Morgan v. Kroger Grocery & Baking Co.

ON MOTION FOR REHEARING. Respondent's motion for rehearing complains our holding that she failed to make a case for the jury is based *Page 553 solely on appellant's evidence, and violates the rule that on a demurrer to the evidence, the facts must be viewed in the light most favorable to the plaintiff, and the defendant's evidence to the contrary cannot be considered. She asserts the opinion is bottomed solely on: (1) the testimony of the defendant Meisburger (owner of the store, who was acquitted by the jury) and appellant's witness Bechtold, both of whom testified to the general use of the sidewalk for twenty years; (2) appellant's Exhibit 3, the store lease; (3) respondent's original, first and second amended petitions, which were abandoned by respondent, the case being tried on a third amended petition. Appellant introduced said abandoned pleadings in evidence.

[6] Respondent is right in saying we must view the evidence in the light most favorable to her in passing on a demurrer to the evidence. But this does not apply to documentary evidence which is introduced without objection and is undisputed. [Wendorff v. Mo. State Life Ins. Co., 318 Mo. 363, 369 (1), 1 S.W.2d 99, 101(2).] The abandoned pleadings were competent evidence asadmissions of respondent. [Wahl v. Cunningham, 332 Mo. 21, 39(13), 56 S.W.2d 1052, 1059 (14).]

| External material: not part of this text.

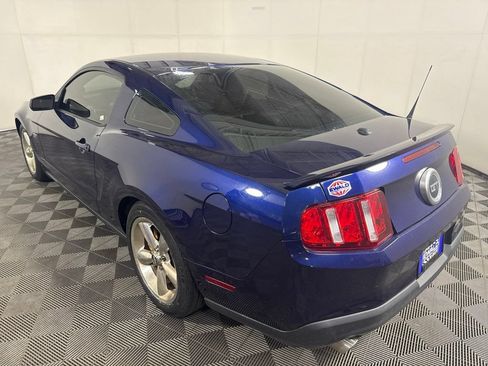 Used 2010 Ford Mustang GT RWD image 7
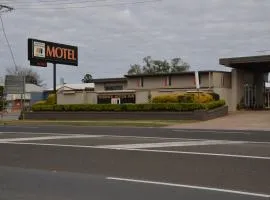 Warwick Motor Inn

As to the lease, the parties orally agreed at the beginning of the trial that the [52] store lease from the Meisburgers was dated in 1925, assigned to appellant in 1928, and expired in 1937. The casualty occurred in January, 1936. The written lease was offered in evidence by appellant without objection, formal identification thereof being waived by respondent's counsel. When counsel for appellant started to read paragraph 7(e) of the lease to the jury, counsel for defendants Meisburger objected to the reading of "that portion of the lease" and the objection was sustained. Then counsel for respondent said: "We want to now offer that same exhibit that he has just offered, or that portion of it, on behalf of the plaintiff." Counsel for defendants Meisburger objected and that objection was sustained. But, as we understand, only that portion of the lease was excluded. In the principal opinion four lines refer to and quote part of said paragraph 7(e). That part is stricken from the opinion. But the excision of it can work no change in the result. It clearly appears from the lease as a whole, omitting the part just stated, that in contemplation of the parties the lease was on the building, not the ten-foot sidewalk which had been thrown open to the public. And even though the Meisburgers owned and appellant leased the ten-foot strip subject to the sidewalk easement, it would make no difference in the result. [Callaway v. Newman Mercantile Co., supra, 321 Mo. 766, 12 S.W.2d 491.]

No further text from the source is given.